Provided records:
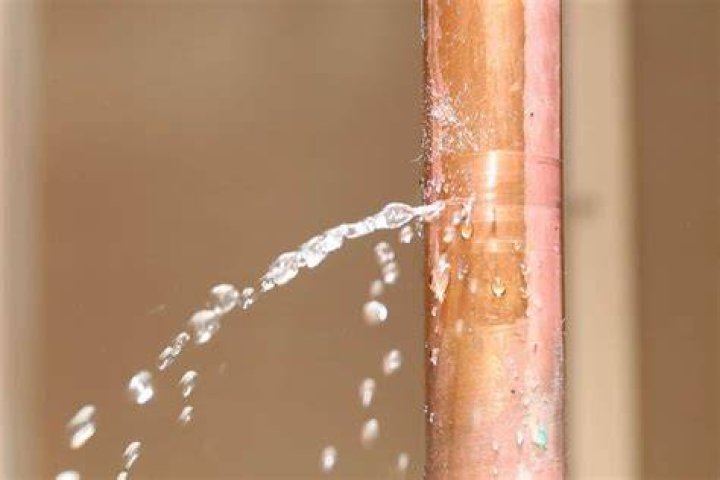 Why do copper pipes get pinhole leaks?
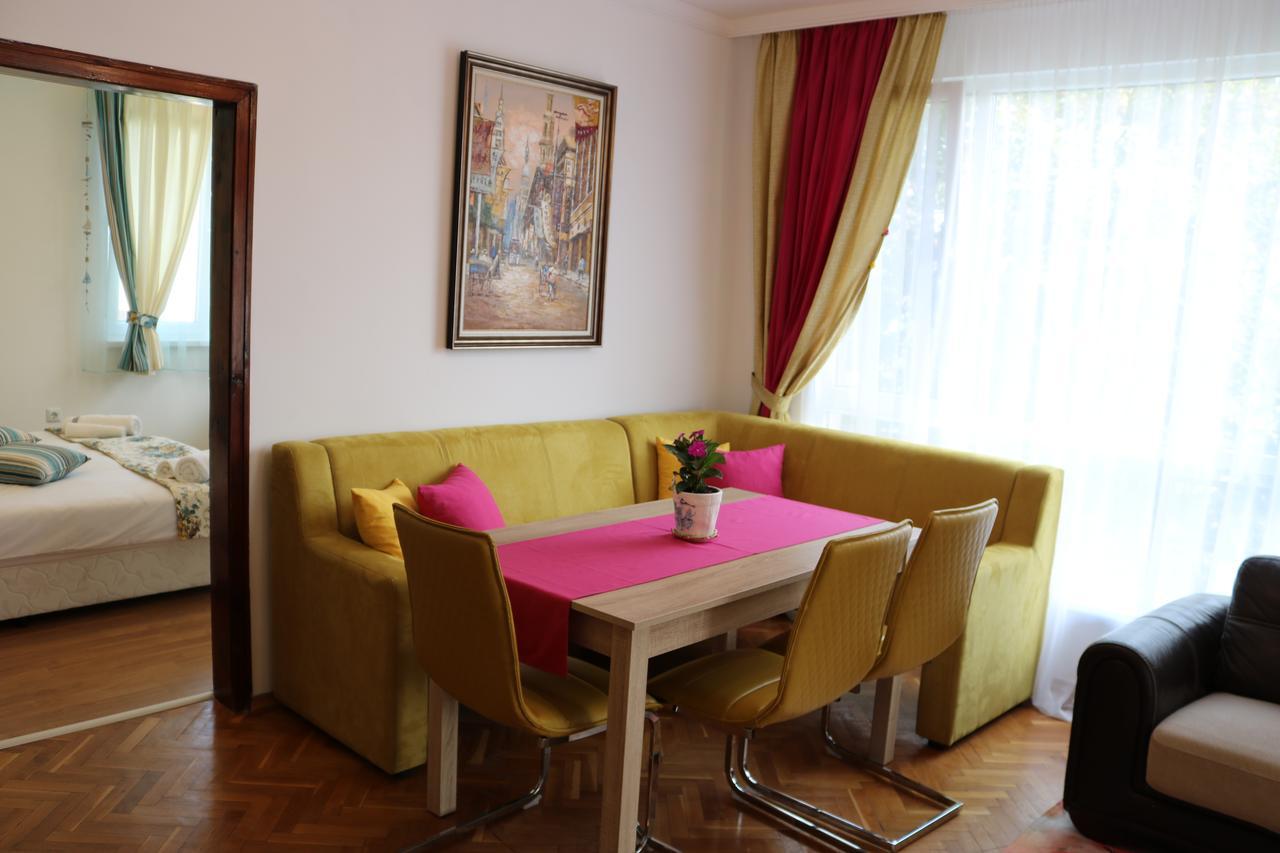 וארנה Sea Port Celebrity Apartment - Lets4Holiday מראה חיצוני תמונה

==

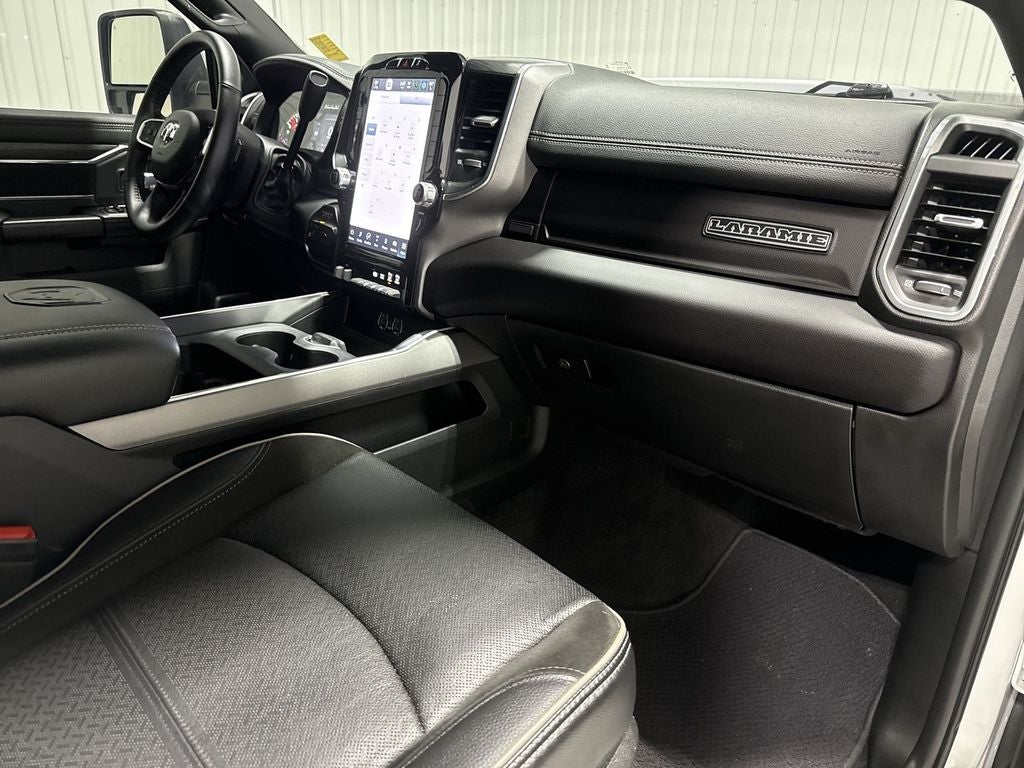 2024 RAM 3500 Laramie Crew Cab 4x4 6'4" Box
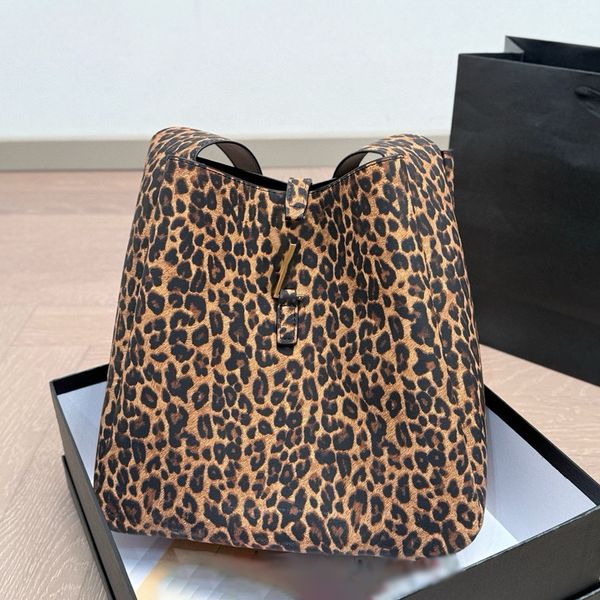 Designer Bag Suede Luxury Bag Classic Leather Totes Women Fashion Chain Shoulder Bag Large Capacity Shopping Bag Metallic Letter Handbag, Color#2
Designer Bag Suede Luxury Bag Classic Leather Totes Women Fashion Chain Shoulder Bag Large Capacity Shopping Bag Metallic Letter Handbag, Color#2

Problem description: Among the entries above, locate the line with "Why do copper pipes get pinhole leaks?" and the line with "וארנה Sea Port". Give those two lines and all lines between them again, exactly, leaving out the pictures.

Exercise result:
 Why do copper pipes get pinhole leaks?
 וארנה Sea Port Celebrity Apartment - Lets4Holiday מראה חיצוני תמונה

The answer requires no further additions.